Die Fangmethoden und Leistungen dieser Boote hingen stark vom Können der Fischer ab. Die Bootsbesatzung bestand neben dem Schiffsführer, genannt Schipper, meist zugleich der Bootsbesitzer, aus dem Vormann. Dieser konnte „Anteilfischer“, „Knecht“, „Mitfischer oder Fischerjunge“ sein. Typisch war die Familienbesatzung oder der zu einem Drittel am Fang beteiligte Anteilfischer.
Das Dienstverhältnis war dörflich und saisonbedingt. Noch Anfang des 20. Jahrhunderts bestand es am Saaler Bodden oft nur bis zu acht Monaten im Jahr.
Von der Besatzung wurde viel schwere und äußerst geschickte Arbeit abverlangt, Schlaf gab es wenig, meistens nur stundenweise, eine Fangfahrt dauerte bis zu 6 Tagen. Rund um die Uhr wurde gefischt, das Netz eingeholt und der Fang gesäubert uns verstaut. Über die Verpflegung berichtete ein Vormann: „Das Mittag kochte der Schipper selber, außer dass ich Feuer im Kochherd machte und die Kartoffeln aufsetzte. Es gab einmal Schmoraal, das nächste Mal Aalsuppe, und dann wiederholte es sich. Wenn einige Tage Sturm war und keine Aale anfielen, gab es Bratbarsche.“
Über das äußerst bescheidene Logis erfahren wir: „Es befindet sich vor dem Mast. Backbord ist die Koje des Schippers, steuerbord die des Fischereigehilfen. Vor beiden Kojen ist eine Sitzbank. Bei Einstieg gleich links steht ein kleiner eiserner Ofen zum Kochen, während auf der anderen Seite der Proviantspint untergebracht ist.“
Die Zeesenboote waren vom Ende des Eises bis zum Frosteintritt im Einsatz. Je nach Jahreszeit, Fanggebiet und Netzart wurden Aal, Hecht, Plötz, Barsch oder Stint gefangen.
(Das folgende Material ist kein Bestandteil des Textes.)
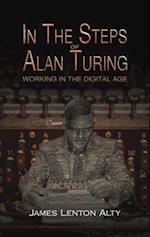 In the Steps of Alan Turing: Working in the Digital Age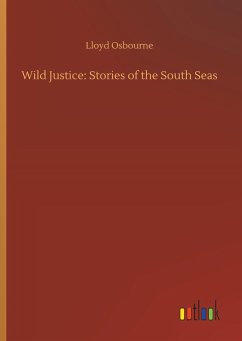 Wild Justice: Stories of the South Seas - Osbourne, Lloyd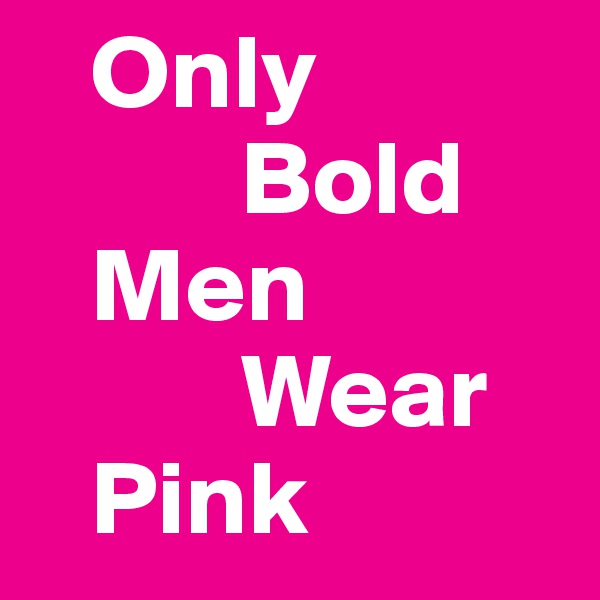    Only 
          Bold
   Men
          Wear
   Pink
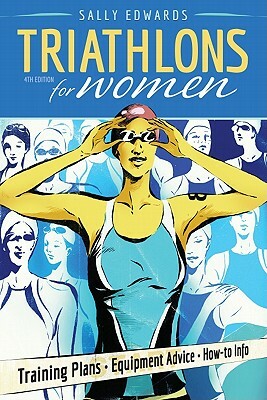Triathlons for Women by Sally Edwards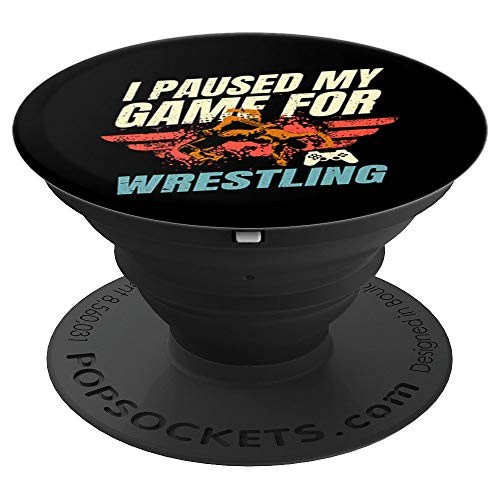 I Paused My Game For Wrestling Gamer Wrestler Gift Idea PopSockets Grip and Stand for Phones and Tablets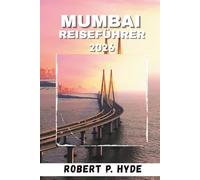 MUMBAI REISEFÜHRER 2026: Wichtige Reiserouten, lokale Tipps, Kultur, Essen und praktische Ratschläge für Erstbesucher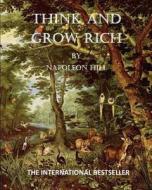 Think and Grow Rich: The Thirteen Steps to Riches di Napoleon Hill edito da Createspace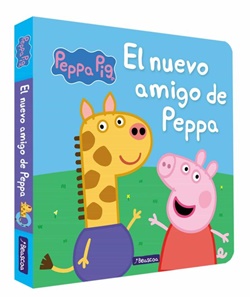 Peppa Pig. El nuevo amigo de Peppa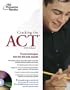 Cracking the ACT with Sample Tests on CD-ROM, 2006 Edition (College Test Prep)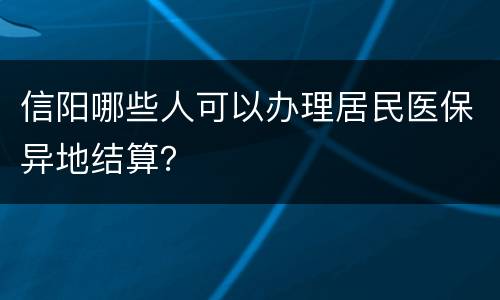 信阳哪些人可以办理居民医保异地结算？
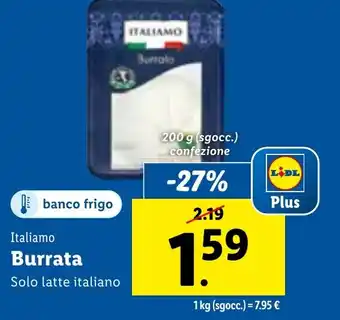 Lidl Italiamo Burrata 200 g (sgocc.) confezione offerta
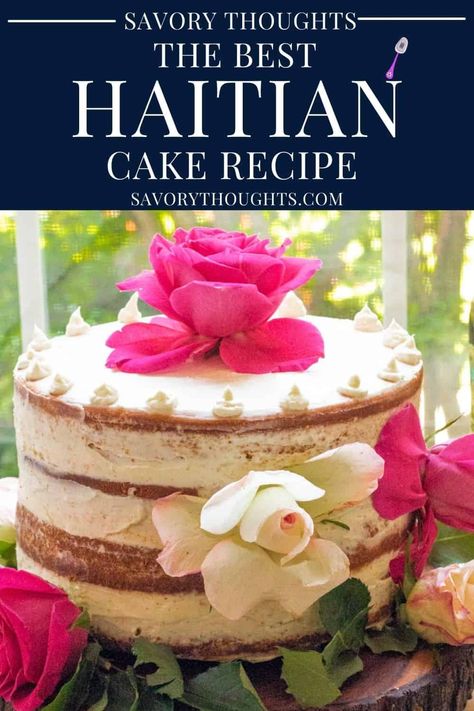 Delicious Haitian Cake With Cream Cheese Icing Haitian Rum Cake, Haitian Dessert Recipes, Haitian Rum Cake Recipe, Haitian Desserts, Haitian Cake Recipe, Haitian Cake, Cake Icing Recipe, Haitian Cuisine, Haitian Food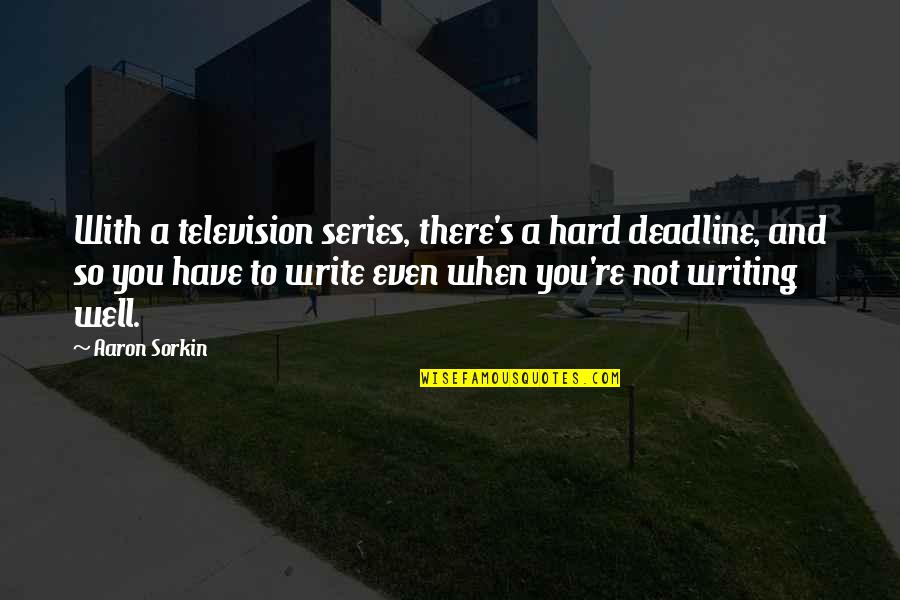 Kalmus Orchestra Quotes By Aaron Sorkin: With a television series, there's a hard deadline, Kalmus Orchestra Quotes By Aaron Sorkin: With a television series, there's a hard deadline,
Die Dach- bzw. Vierkantzeese (Netz) war 8 m - 13,50 m lang und hatte eine Öffnungsbreite zwischen 2,10 m und 5,20 m. Das Netz, oft selbst gefertigt, war bis zu 25 m lang, und es wurde meistens durch Treiben vor dem Wind seitlich geschleppt. Das Einholen der gefüllten Zeese (Netzgeschirr) war die schwierigste Arbeit an Bord.
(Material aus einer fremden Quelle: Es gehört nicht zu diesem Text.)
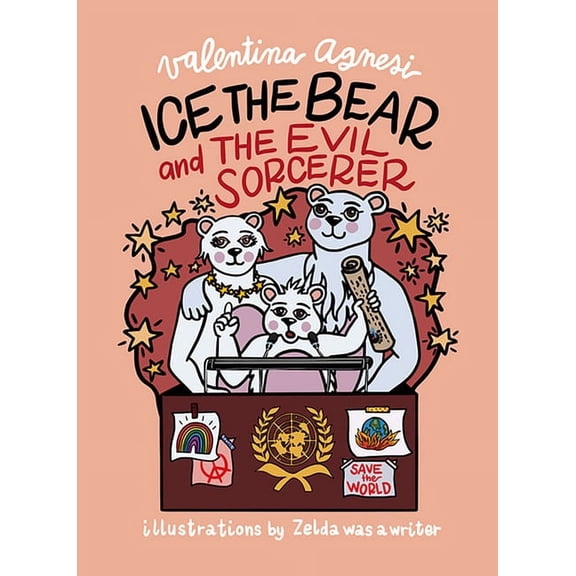 Ice the Bear and the Evil Sorcerer, (Hardcover)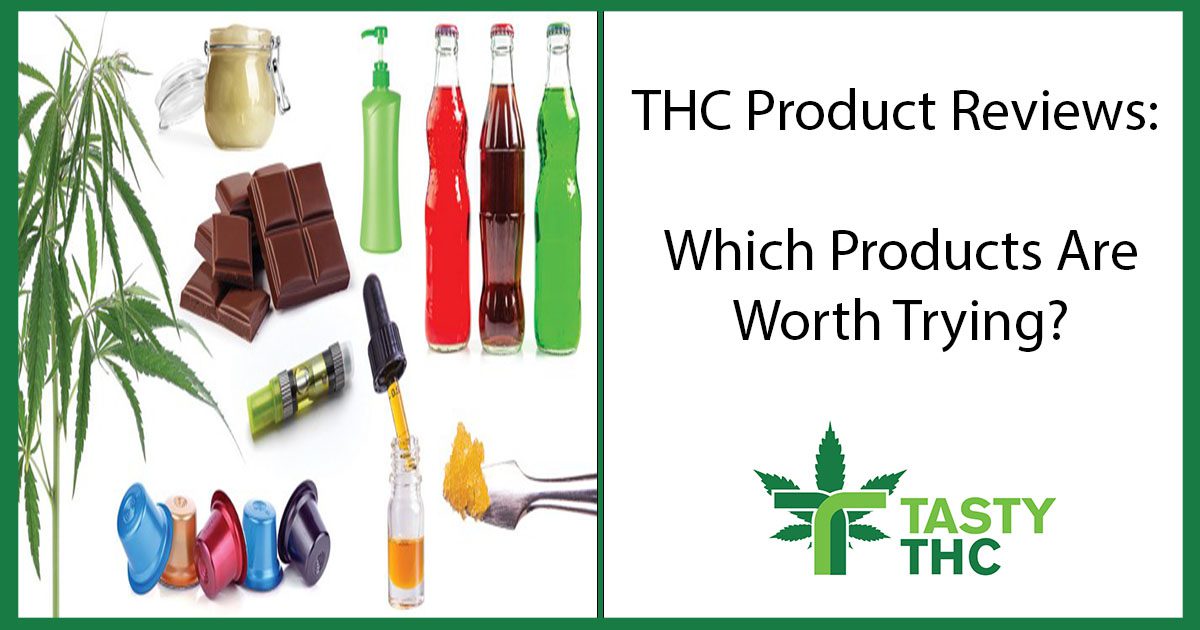 THC Product Reviews: Best Products To Try!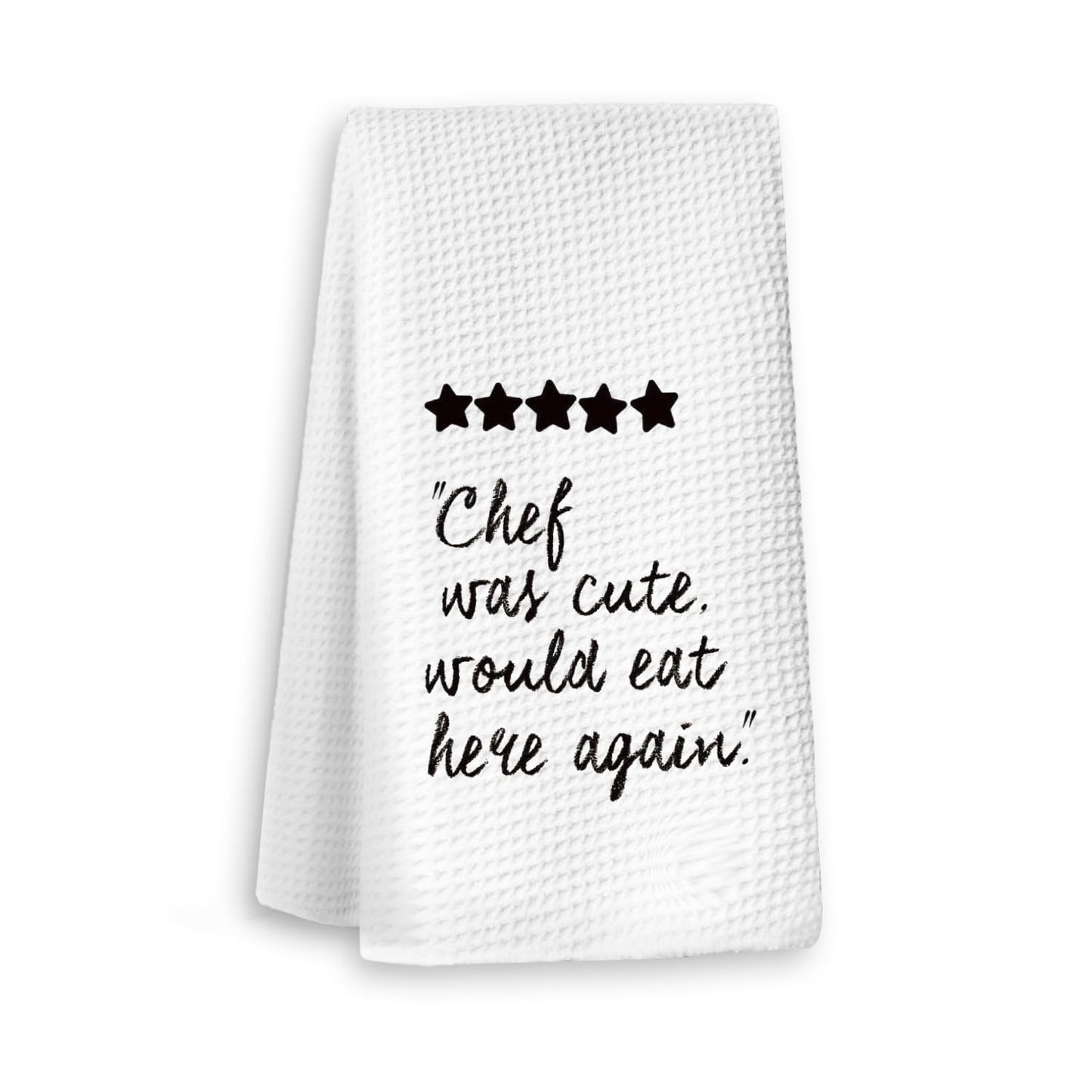 Chef Gifts for Women Men Kitchen Towels, Chef was Cute Would Eat Here Again Decorative Dish Tea Towels, Unique Gifts for Cooks Hand Towels for Kitchen Dining Room, 16x24 Inch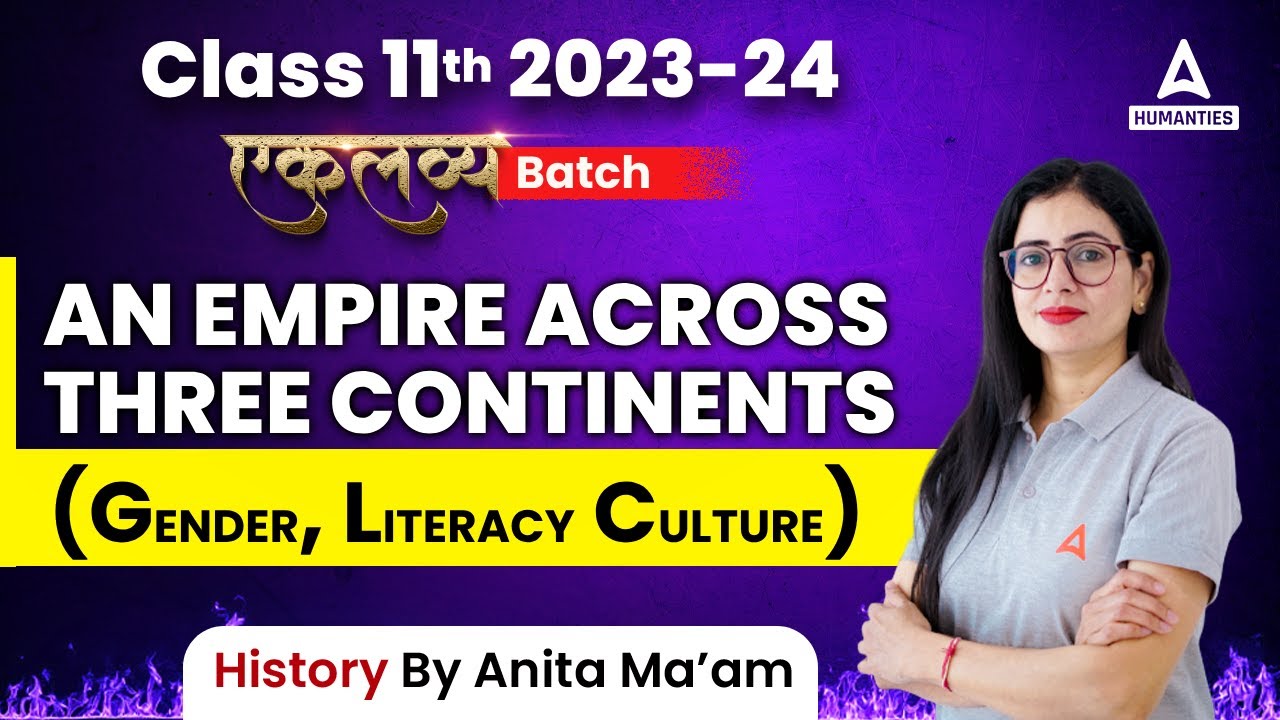 An Empire Across Three Continents (Gender, Literacy Culture)  | Class 11 History Chapter 2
War der Ertrag gut, erhielt der Anteilfischer eine größere Menge vom Fang, aber eine Familie war davon allein nicht zu ernähren. Durch die Bearbeitung eines Stück Landes wurde seine Existenz etwas mehr gesichert. Von dieser Doppelarbeit kommt auch der später abwertend verwendete Begriff „Bauernfischer“.
Heute existiert die Fischereiform nicht mehr, die ökonomischen und sozialen Bedingungen wurden für die jahrhundertealte Zeesenfischerei immer nachteiliger. Gab es 1946 zwischen Barth und Ribnitz noch 33 Zeesenfischer, waren 1965 lediglich 18, und im Jahre 1984 existierte nur noch einer.
Es ist der Verdienst vieler Zeesenbootfreunde in Boddenhäfen, die in sehr aufwendiger und leidenschaftlicher Arbeit diese Fahrzeuge der kleinen Küstenfischerei wieder aufgebaut haben und in Form der segelnden Sportboote diese Fischereitradition erhalten und pflegen.
Wer über die Zeesenboote mehr erfahren möchte, findet in Hermann Winklers Buch: „Zeesenboote“ viele fundierte Antworten.